Os bibliotecários, por sua vez tiveram seus papéis ampliados, ou seja, a partir da realidade de sua comunidade, os profissionais se viram obrigados a pensar em atividades de ações culturais que não ignorassem os problemas sociais, mas que a biblioteca servisse de espaço de reflexão e discussão para esses problemas.

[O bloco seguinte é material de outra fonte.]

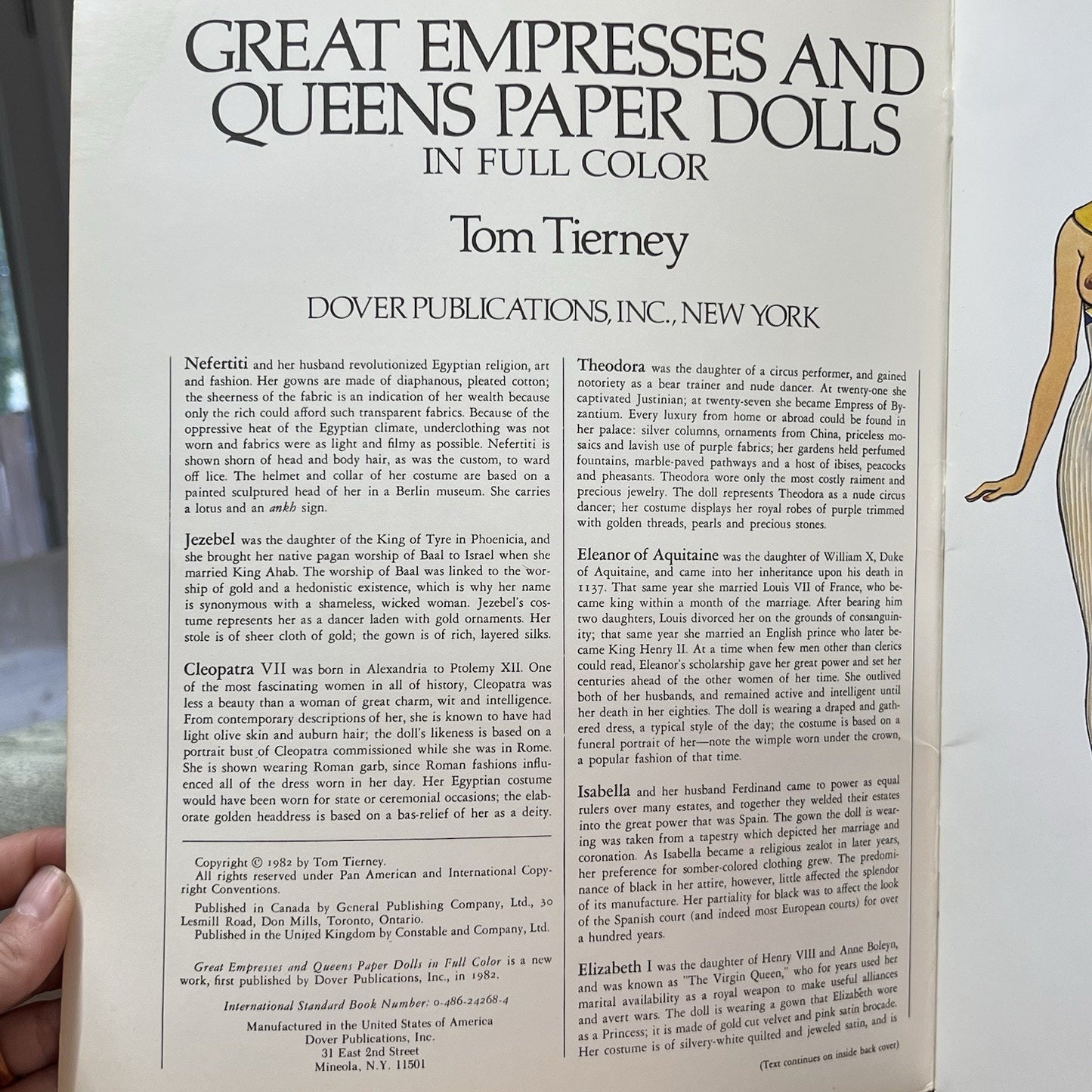 Tom Tierney 1982 Great Empresses & Queens Paper Dolls Book Uncut Vintage Fashion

Se o público de uma determinada biblioteca era formado por crianças ainda não alfabetizadas, trabalhar com multiblocos de brinquedos onde elas reproduzissem a sua casa ou a casa onde gostariam de morar eram estratégias para que, num primeiro momento, o espaço da biblioteca fosse ocupado e, a partir daí, a leitura, mesmo que ainda em sua forma oral, entrasse no dia a dia da população.

 

Papel social

 

É direito do cidadão usufruir dos equipamentos culturais de sua cidade e, por isso, é dever do governo fornecer acesso a eles. A existência de bibliotecas nas periferias aproxima os moradores desses equipamentos, visto que o cidadão não precisará deslocar-se do seu bairro para emprestar livros ou para participar de atividades e práticas culturais. No entanto, o preço a se pagar por isso é a permanência do cidadão nas áreas de periferia. A integração com outros circuitos culturais existentes na cidade é um dos grandes desafios dos CEUs e suas bibliotecas, assim como ajudar o morador da periferia a se ver como um cidadão. É claro que essa integração também esbarra em outros problemas como as deficiências do transporte público, por exemplo.

 

As ações culturais promovidas pelas bibliotecas — oficinas de histórias, feiras do livro, oficinas de artesanato, cursos, debates, clubes de leitura — permitem a ampliação do público contemplado por elas, além de mostrar que a biblioteca pode e deve ser um local democrático. É do imaginário popular que bibliotecas são locais de cultura erudita, de silêncio e estudos, porém esse modelo não cabe na realidade dos CEUs. É preciso haver a troca de ideias e saberes dentro desses espaços. A educação reside na troca de diferentes ideias e culturas, segundo Paulo Freire.

 

No entanto, o público atingido ainda não é suficiente quando se pensa na totalidade dos moradores de periferias. A possibilidade de expansão de público reforça a ideia de que há ainda diversas barreiras a se quebrar quando se pensa nas possíveis funções sociais de uma biblioteca. É necessário mostrar a face dinâmica das bibliotecas, funcionando até mesmo como lugar de recreação para as crianças. A vivência entre livros estimula a leitura e curiosidade desde a infância. Integrar os circuitos culturais da cidade é uma boa opção para ampliar o alcance do público, respeitando as tradições e individualidades de cada bairro.

 

“É ilusório acreditar que a biblioteca do CEU será a grande redentora dos excluídos; não dá para apagar a realidade da rua, da habitação precária, da violência, da exploração pelo trabalho. O direito à educação, à cultura, à informação vem acompanhado de um conjunto amplo de direitos. Contudo, se a biblioteca não for esse espaço público democrático, garantindo a liberdade de informação e de cultura, integrada a realidade da cidade, ela estará fadada ao esvaziamento”, conclui Charlene.